China’s Goals to clean Dirty Coal

November 6, 2013

America’s Congress passed its Clean Air Act in 1970 because of dense, visible smog in many U.S. cities and industrial centers.  The U.S. has emitted over 90 billion metric tons of carbon since 1800 from fossil-fuel consumption and cement production. U.S. fossil-fuel emissions have doubled since the 1950s but the U.S. share of global emissions has declined from 44% to 19% over the same interval because of higher growth rates in other countries. Source: cdiac.gov

China’s Clean Air Act was first introduced in 1987. For an example of China’s progress, in 2006, Greenpeace was consulted by the CCP on an early draft of a renewable energy law by China’s National People’s Congress.

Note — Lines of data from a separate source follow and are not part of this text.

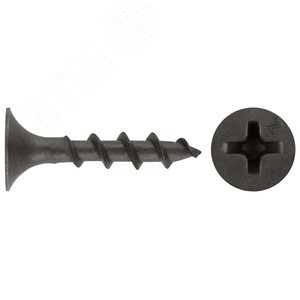 Саморез гипсокартон/дерево 3,5х19 черный (34шт)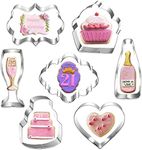 LUBTOSMN Celebration Cookie Cutter Set-7 Piece-Cake, Heart, Cupcake, Champagne, Wine Bottle, Plaque Cookie Cutter Mold for Birthday Wedding Anniversay Bridal Shower Engagement Cookie Cutters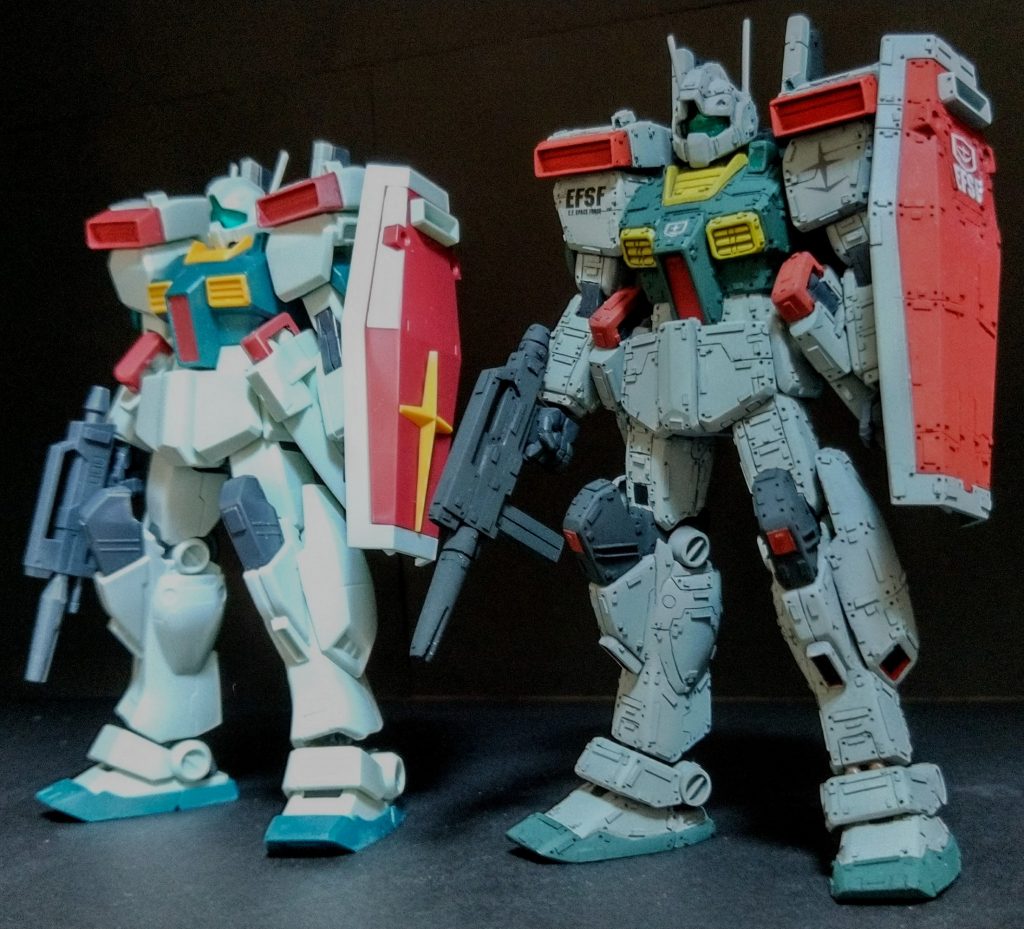 本当はジムバリエーション展開の最後に作ろうかと思ってたんですが、理解ある友人からHGUCのジムⅢを貸してもらったので予定を変更して作りました😊とはいえキット通りにはしないで私なりの作風で変えてみました😊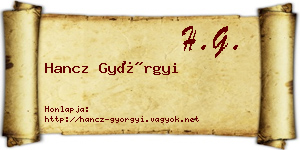 Hancz Györgyi névjegykártya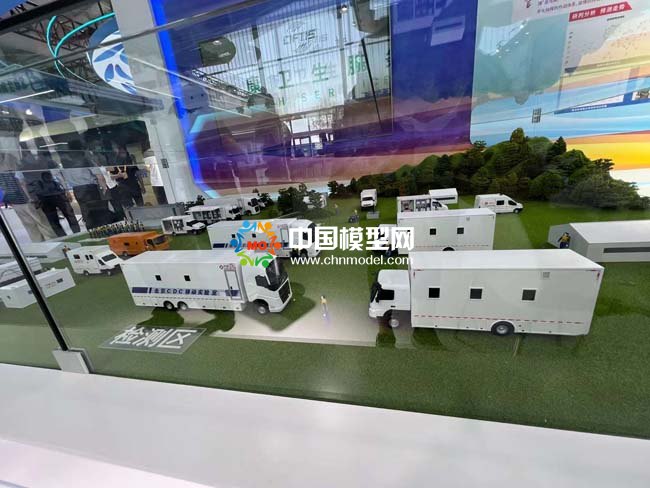 疾病預(yù)防衛(wèi)生應(yīng)急車輛沙盤模型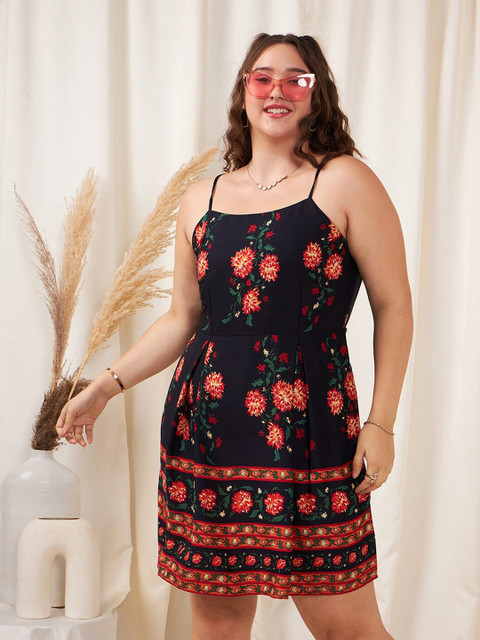 Berrylush Curve Plus Size Floral Printed Shoulder Strap A-Line Dress - Image 5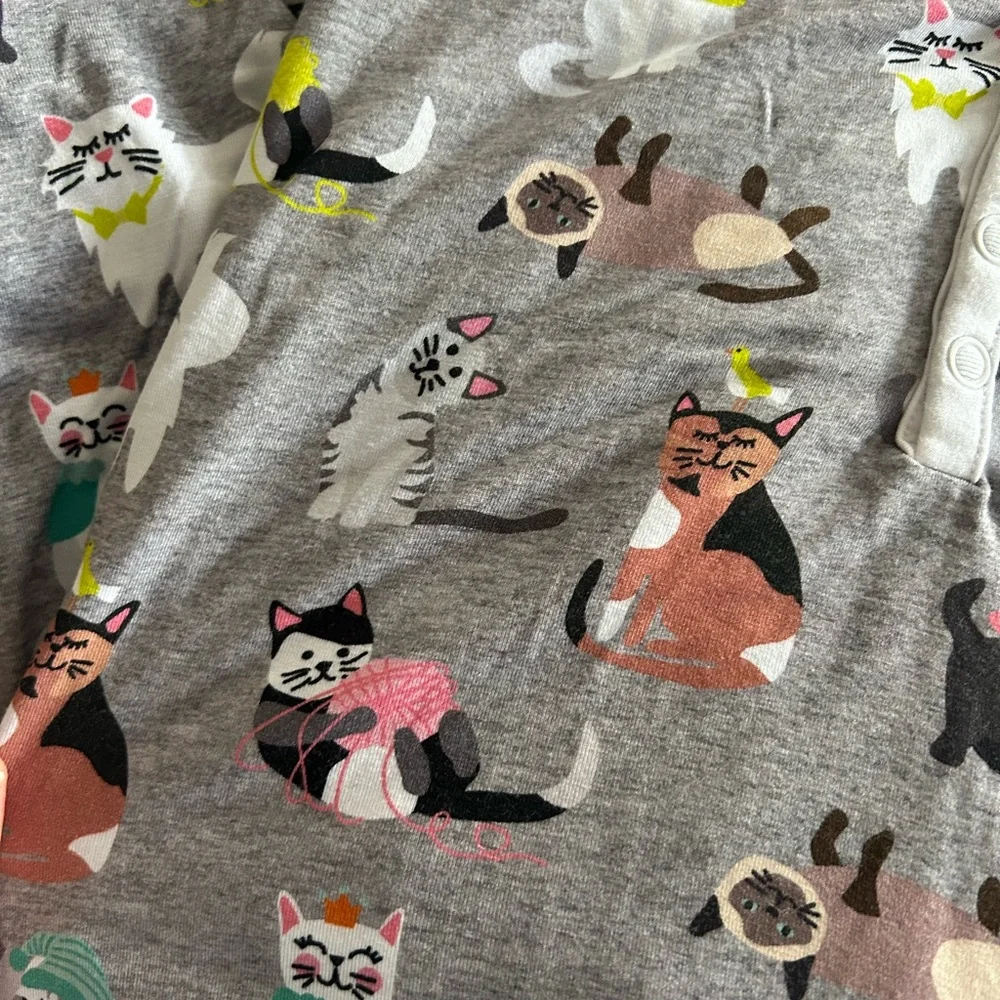 Little Sleepies Grey Cat-Print Kids Pajama Set with Multicolor Accents - Picture 4 of 4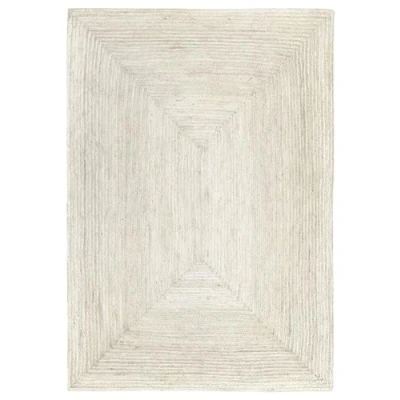 Image of HAMID Rug Jute Alhambra White Colour, Rug, Area 100% Fibre Hand Wovem, Braided for Home, Living Room, Floor Carpet..(230x160cm)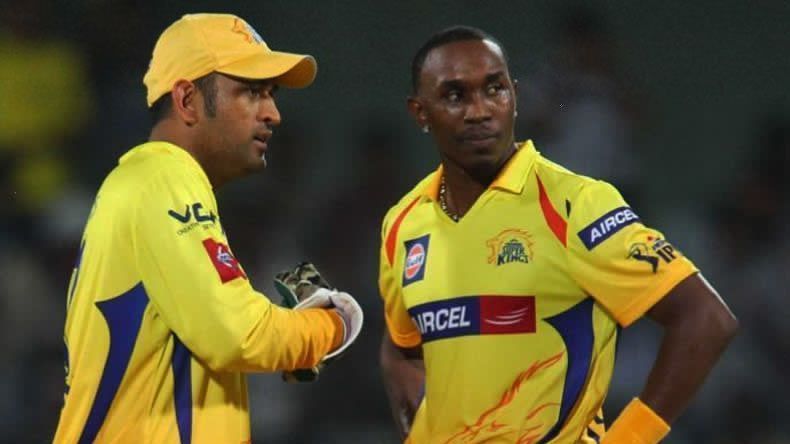 MS Dhoni and Dwayne Bravo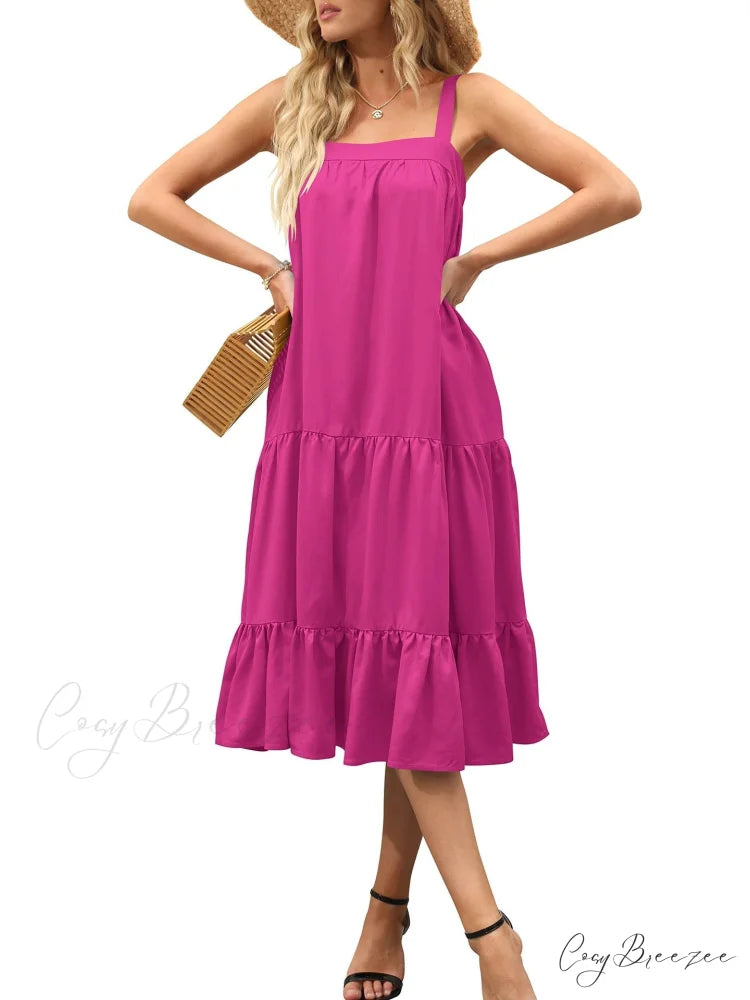 Tiered Maxi Tent Dress in Red M / Pink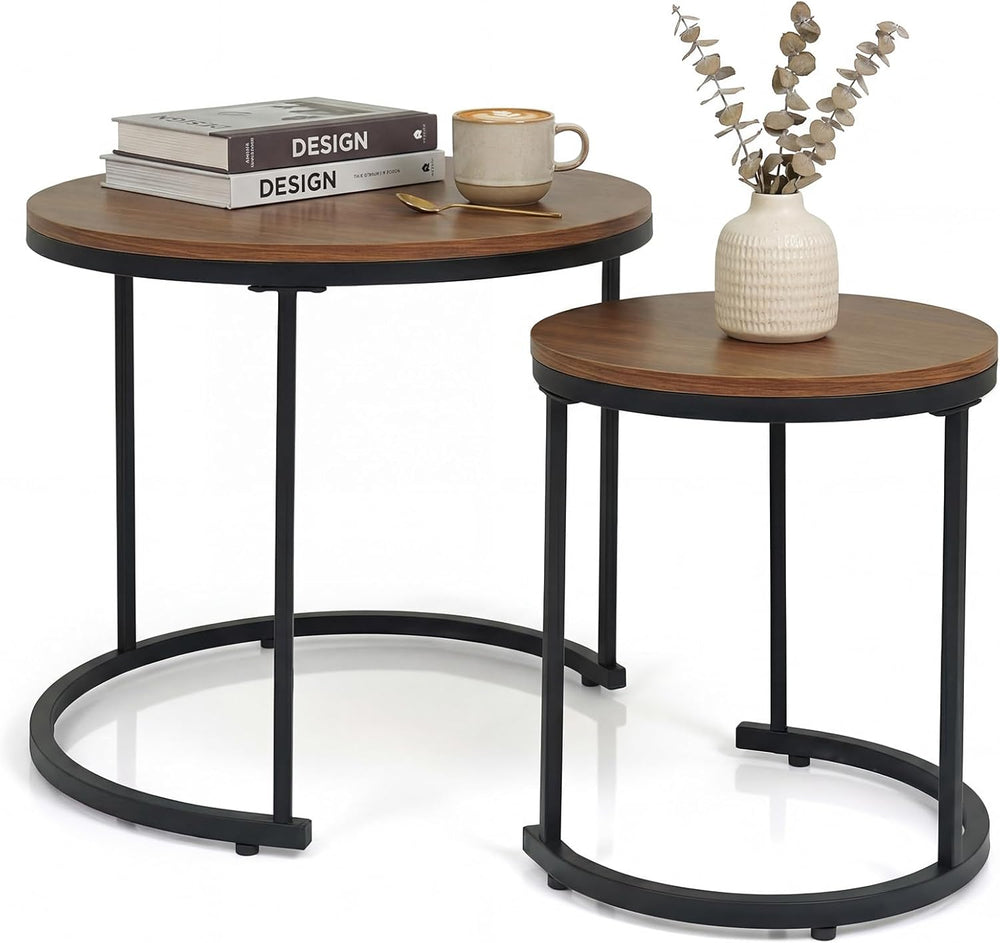 GOFLAME Nesting Coffee Tables Set of 2, Stacking Round Center Table with Wood...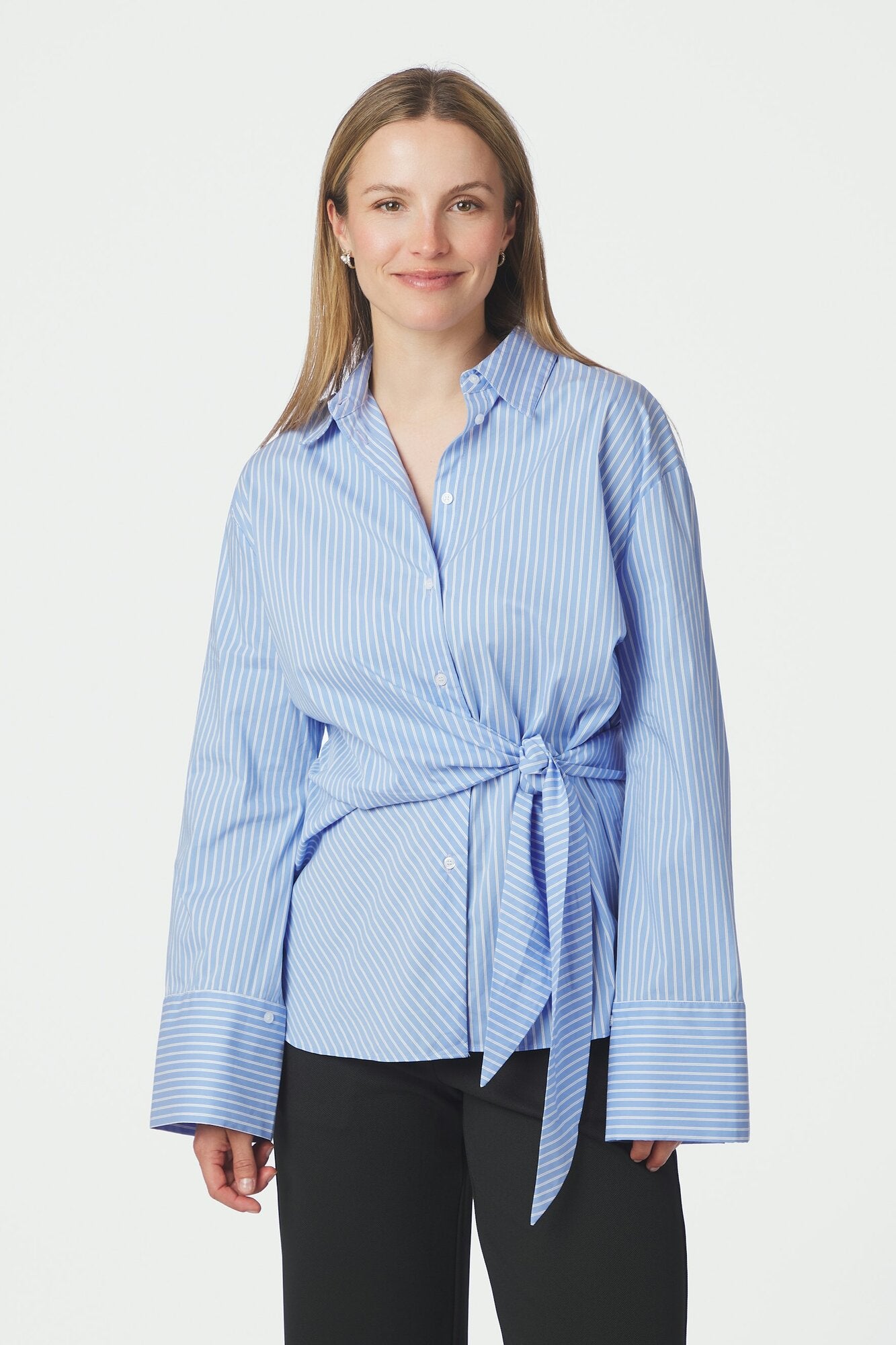 Helisa Stripe skjorte - lyseblå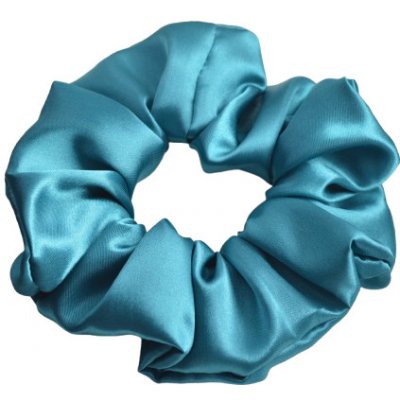 Saténová gumička do vlasů - tyrkysová – Zboží Dáma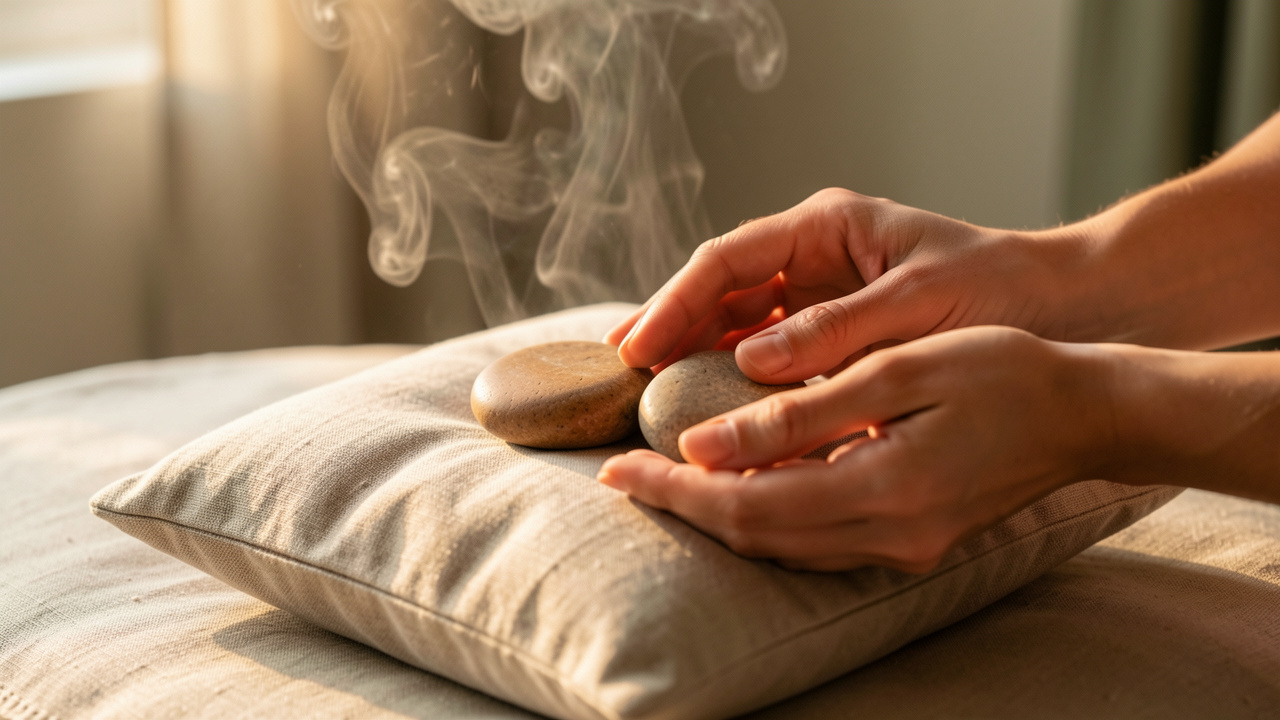 Des pierres de méditation lisses posées sur un coussin en lin, des mains les arrangeant doucement dans un espace intérieur paisible, lumière dorée et atmosphère apaisante.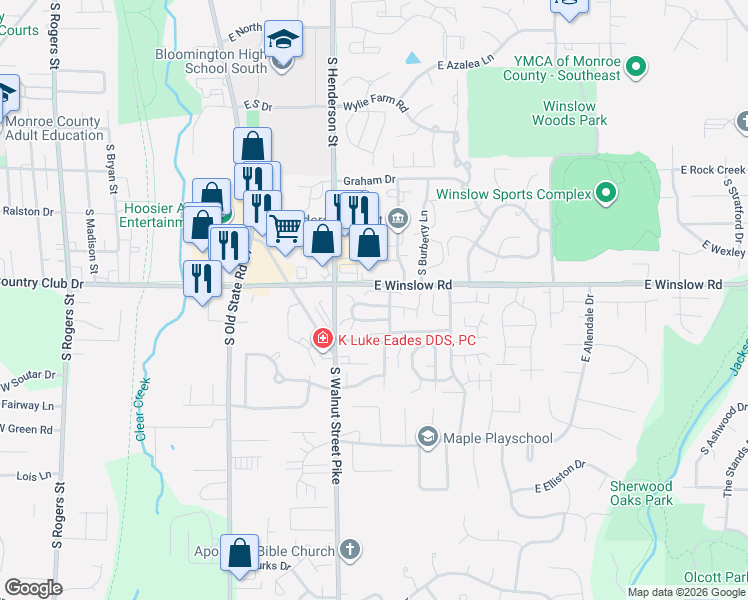 map of restaurants, bars, coffee shops, grocery stores, and more near 3151 South Piccadilly Street in Bloomington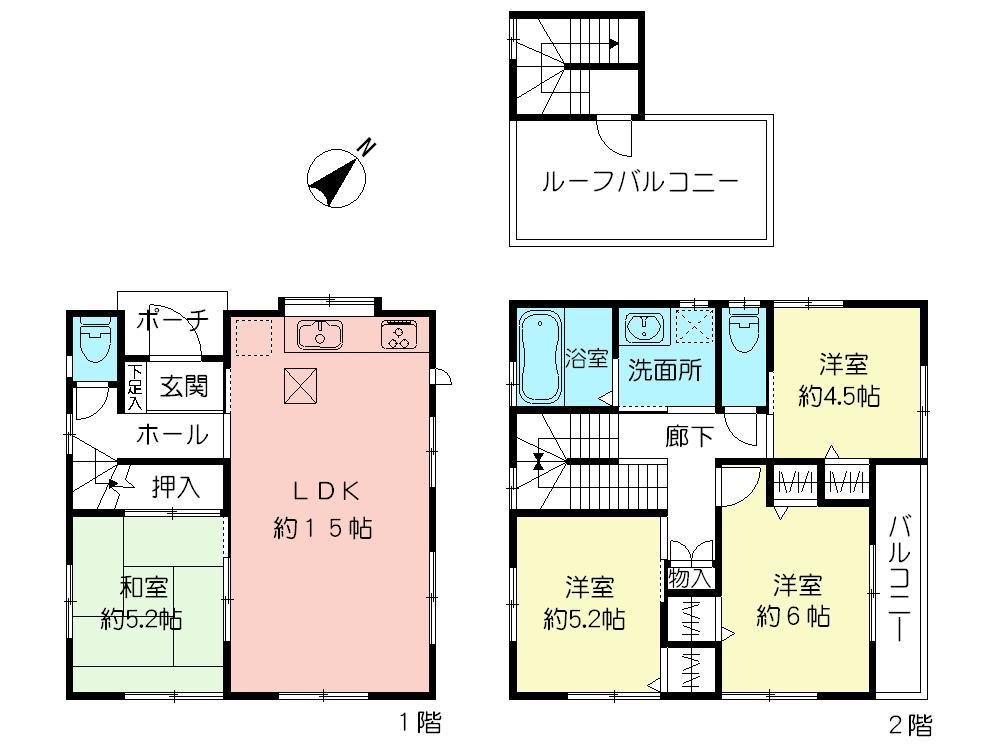 Floor plan. (A Building), Price 41,800,000 yen, 4LDK, Land area 64.41 sq m , Building area 89.9 sq m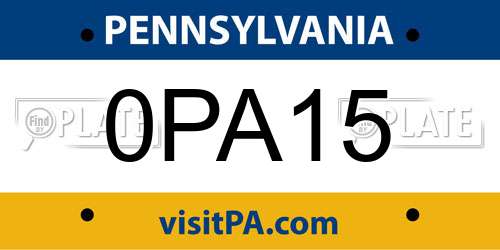 0PA15 Pennsylvania License Plate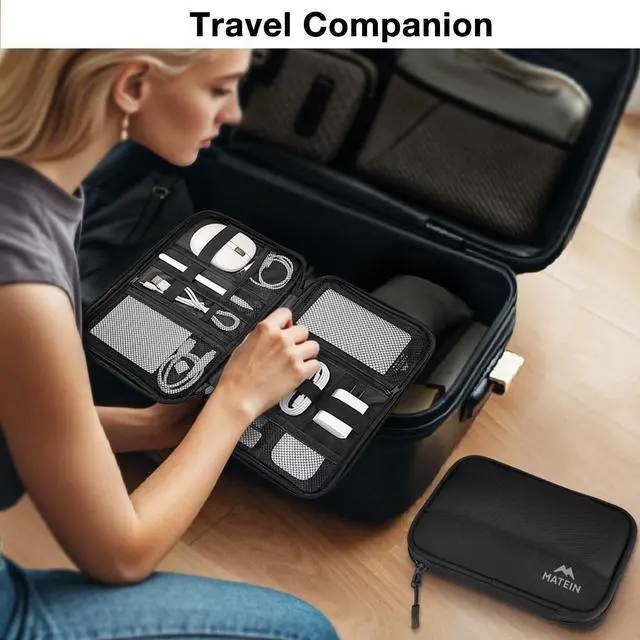 Alt view image 4 of 7 - MATEIN Charger Organizer Travel Case 2 Pack, Cable Bag Organizer for Men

Today—seven years later—China is the world’s leader in the production of renewable energy—in 2011, China produced 797.4 billion annual kilowatt-hours from alternative sources of energy production [hydroelectricity, wind power, biomass and solar] compared to the United States in second place with 699.3 billion.

While China’s air pollution problems may sound extreme and incomparable to air quality here in the U.S., we should not forget that America actually did face a very similar environmental situation during its industrialization. Source: Think Progress.org

Bill Chameides writes in the Huffington Post about China’s efforts to reduce greenhouse gasses by 40 to 45 percent by 2020.  He goes into detail how the Chinese plan to accomplish this.

Since 70% of China’s electricity comes from thousands of coal burning power plants, Chameides expresses doubts that China will be able to meet these lofty goals.  However, I disagree.  When you discover the downside of China’s coal burning power plants, it is obvious there is no choice but to clean up.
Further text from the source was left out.